● **Exercise**: Below are some records. Return exactly the lines from the one with "The most addicting" to the one with "Tree frog on bamboo bole isolated", and nothing else.

(Dataset excerpts)
###

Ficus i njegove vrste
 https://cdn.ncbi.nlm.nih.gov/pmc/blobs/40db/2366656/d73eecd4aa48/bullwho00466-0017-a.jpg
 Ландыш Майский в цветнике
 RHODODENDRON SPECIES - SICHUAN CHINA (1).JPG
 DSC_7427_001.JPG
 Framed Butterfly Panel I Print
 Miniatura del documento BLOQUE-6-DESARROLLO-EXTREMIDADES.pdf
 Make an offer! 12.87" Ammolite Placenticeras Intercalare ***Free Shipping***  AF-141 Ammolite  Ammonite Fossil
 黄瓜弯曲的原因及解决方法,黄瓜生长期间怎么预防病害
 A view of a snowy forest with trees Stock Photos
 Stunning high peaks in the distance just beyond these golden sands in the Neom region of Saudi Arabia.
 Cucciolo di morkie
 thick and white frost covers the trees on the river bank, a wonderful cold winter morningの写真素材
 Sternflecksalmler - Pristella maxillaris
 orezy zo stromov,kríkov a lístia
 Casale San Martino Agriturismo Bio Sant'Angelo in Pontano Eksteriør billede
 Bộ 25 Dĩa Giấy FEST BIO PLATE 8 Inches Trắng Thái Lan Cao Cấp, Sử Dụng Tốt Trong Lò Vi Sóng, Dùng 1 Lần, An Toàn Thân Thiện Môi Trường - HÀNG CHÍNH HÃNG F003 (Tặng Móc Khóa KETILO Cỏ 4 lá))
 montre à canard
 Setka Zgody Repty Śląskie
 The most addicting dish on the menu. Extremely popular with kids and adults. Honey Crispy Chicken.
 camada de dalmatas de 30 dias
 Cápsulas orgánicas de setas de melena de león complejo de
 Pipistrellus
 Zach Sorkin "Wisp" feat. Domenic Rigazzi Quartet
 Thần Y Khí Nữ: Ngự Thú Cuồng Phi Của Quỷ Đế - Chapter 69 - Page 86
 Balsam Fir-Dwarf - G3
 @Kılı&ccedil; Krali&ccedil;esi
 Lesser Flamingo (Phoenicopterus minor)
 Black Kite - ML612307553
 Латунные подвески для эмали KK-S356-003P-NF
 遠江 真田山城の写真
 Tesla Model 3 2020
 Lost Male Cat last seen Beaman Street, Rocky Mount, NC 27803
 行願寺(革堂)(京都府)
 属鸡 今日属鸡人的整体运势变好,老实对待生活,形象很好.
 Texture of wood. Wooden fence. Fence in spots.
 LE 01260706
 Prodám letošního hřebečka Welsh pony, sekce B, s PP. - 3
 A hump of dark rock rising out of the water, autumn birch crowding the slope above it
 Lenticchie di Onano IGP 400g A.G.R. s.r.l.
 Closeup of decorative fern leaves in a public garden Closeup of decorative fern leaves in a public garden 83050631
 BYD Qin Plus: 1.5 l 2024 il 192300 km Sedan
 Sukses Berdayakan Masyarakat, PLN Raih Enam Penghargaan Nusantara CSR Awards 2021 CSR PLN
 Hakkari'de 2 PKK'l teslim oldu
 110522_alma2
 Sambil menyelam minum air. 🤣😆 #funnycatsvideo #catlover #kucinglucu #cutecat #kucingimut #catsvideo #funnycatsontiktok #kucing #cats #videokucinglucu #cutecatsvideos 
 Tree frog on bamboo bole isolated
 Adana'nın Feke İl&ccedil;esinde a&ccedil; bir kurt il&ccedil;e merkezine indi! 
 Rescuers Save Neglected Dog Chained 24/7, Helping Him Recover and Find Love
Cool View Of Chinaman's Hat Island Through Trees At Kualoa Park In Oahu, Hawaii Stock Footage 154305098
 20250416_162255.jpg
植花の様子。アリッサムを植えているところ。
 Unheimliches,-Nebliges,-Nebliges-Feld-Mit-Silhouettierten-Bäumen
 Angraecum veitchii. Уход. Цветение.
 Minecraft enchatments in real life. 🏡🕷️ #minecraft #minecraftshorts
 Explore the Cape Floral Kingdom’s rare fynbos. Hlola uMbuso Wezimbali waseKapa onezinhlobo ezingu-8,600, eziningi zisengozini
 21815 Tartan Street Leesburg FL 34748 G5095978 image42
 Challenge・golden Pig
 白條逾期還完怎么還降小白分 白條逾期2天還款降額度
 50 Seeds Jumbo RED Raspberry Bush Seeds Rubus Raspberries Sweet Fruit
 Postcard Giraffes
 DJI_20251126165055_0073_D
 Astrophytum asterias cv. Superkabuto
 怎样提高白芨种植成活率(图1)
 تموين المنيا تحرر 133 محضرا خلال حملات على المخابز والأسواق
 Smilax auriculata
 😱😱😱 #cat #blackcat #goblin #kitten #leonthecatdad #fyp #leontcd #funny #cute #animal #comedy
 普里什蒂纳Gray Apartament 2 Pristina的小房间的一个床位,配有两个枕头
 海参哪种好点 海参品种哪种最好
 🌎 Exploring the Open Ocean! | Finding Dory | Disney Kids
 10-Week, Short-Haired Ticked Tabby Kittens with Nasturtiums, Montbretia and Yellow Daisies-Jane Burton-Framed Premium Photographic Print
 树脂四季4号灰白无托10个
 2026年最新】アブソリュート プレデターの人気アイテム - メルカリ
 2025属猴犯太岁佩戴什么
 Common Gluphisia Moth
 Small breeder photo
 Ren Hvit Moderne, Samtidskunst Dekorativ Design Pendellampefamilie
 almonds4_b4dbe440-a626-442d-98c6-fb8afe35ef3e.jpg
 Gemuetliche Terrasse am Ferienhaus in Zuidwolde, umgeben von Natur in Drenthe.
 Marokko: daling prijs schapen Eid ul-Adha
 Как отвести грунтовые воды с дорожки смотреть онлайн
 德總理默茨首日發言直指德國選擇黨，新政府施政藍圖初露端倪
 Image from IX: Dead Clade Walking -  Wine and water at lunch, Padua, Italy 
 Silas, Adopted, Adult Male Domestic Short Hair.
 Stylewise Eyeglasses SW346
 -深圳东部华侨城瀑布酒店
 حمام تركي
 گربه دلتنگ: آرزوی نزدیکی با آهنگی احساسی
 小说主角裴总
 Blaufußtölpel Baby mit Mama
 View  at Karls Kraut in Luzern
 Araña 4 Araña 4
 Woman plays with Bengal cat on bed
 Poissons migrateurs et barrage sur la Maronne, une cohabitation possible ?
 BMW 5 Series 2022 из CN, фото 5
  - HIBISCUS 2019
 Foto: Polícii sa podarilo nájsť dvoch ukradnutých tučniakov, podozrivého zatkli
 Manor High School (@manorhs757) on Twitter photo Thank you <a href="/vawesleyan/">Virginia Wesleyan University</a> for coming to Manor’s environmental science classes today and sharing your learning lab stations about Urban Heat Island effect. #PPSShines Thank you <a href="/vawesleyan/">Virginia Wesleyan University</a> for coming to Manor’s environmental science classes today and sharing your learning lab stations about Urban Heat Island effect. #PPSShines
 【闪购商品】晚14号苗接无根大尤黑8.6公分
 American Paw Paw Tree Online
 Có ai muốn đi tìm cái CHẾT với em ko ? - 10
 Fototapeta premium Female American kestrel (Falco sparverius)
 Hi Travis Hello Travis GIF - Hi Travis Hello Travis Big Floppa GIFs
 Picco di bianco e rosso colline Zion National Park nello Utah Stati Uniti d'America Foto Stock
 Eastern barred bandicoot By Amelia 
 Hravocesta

###

● **Answer for the task**:
 The most addicting dish on the menu. Extremely popular with kids and adults. Honey Crispy Chicken.
 camada de dalmatas de 30 dias
 Cápsulas orgánicas de setas de melena de león complejo de
 Pipistrellus
 Zach Sorkin "Wisp" feat. Domenic Rigazzi Quartet
 Thần Y Khí Nữ: Ngự Thú Cuồng Phi Của Quỷ Đế - Chapter 69 - Page 86
 Balsam Fir-Dwarf - G3
 @Kılı&ccedil; Krali&ccedil;esi
 Lesser Flamingo (Phoenicopterus minor)
 Black Kite - ML612307553
 Латунные подвески для эмали KK-S356-003P-NF
 遠江 真田山城の写真
 Tesla Model 3 2020
 Lost Male Cat last seen Beaman Street, Rocky Mount, NC 27803
 行願寺(革堂)(京都府)
 属鸡 今日属鸡人的整体运势变好,老实对待生活,形象很好.
 Texture of wood. Wooden fence. Fence in spots.
 LE 01260706
 Prodám letošního hřebečka Welsh pony, sekce B, s PP. - 3
 A hump of dark rock rising out of the water, autumn birch crowding the slope above it
 Lenticchie di Onano IGP 400g A.G.R. s.r.l.
 Closeup of decorative fern leaves in a public garden Closeup of decorative fern leaves in a public garden 83050631
 BYD Qin Plus: 1.5 l 2024 il 192300 km Sedan
 Sukses Berdayakan Masyarakat, PLN Raih Enam Penghargaan Nusantara CSR Awards 2021 CSR PLN
 Hakkari'de 2 PKK'l teslim oldu
 110522_alma2
 Sambil menyelam minum air. 🤣😆 #funnycatsvideo #catlover #kucinglucu #cutecat #kucingimut #catsvideo #funnycatsontiktok #kucing #cats #videokucinglucu #cutecatsvideos 
 Tree frog on bamboo bole isolated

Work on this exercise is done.